Better when ripe: US pears being picked

Better when ripe: US pears being picked

The US pear industry has enjoyed major success with its consumer-oriented ripening programme, and growers are seeing significant increases in return as a result.

Dennis Kihlstadius, who works with the Northwest Pear Bureau, told delegates at last week’s Prognosfruit conference in Kent about the US sector’s Check the Neck for ripeness scheme and how the industry’s ethylene-ripening programme, using ripening rooms and ripening capsules, has helped encourage sales and secure new customers.

“About eight years ago we worked with our customers to create some standards in the industry, and then we did in-store trials on conditioned pears,” Kihlstadius said. “Wal-Mart conditions its own pears and sales have gone up in double digits since they started. In the first year, sales shot up 36 per cent.

“A properly ripened pear can have great flavour and can encourage consumers to buy the fruit again and again.

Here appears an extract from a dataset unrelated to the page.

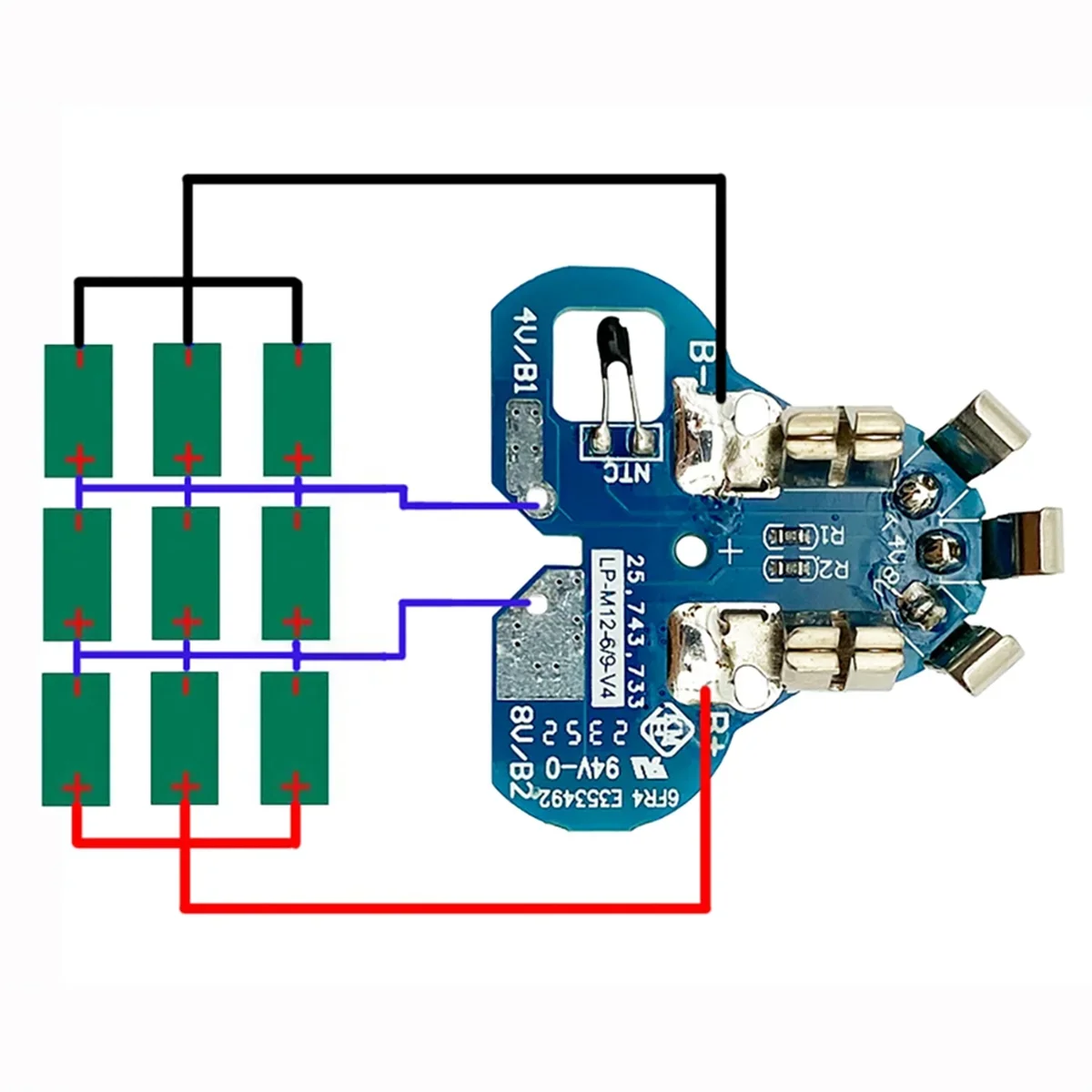 M12 Battery Case PCB Circuit Board 9 X 18650 Shell for Milwaukee 12V 10.8V 3.0Ah 48-11-2411 Li-Ion Battery Housing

And grower returns are pretty good.”

Many US retailers now advertise if pears are pre-ripened, and 45 per cent of the industry’s Anjou volumes are sold conditioned, along with seven per cent of its Bartlett pears.

The industry has begun searching for consistent terminology that accurately sums up in consumer-friendly parlance the condition of the ripened fruit when on the shelf, added Kihlstadius.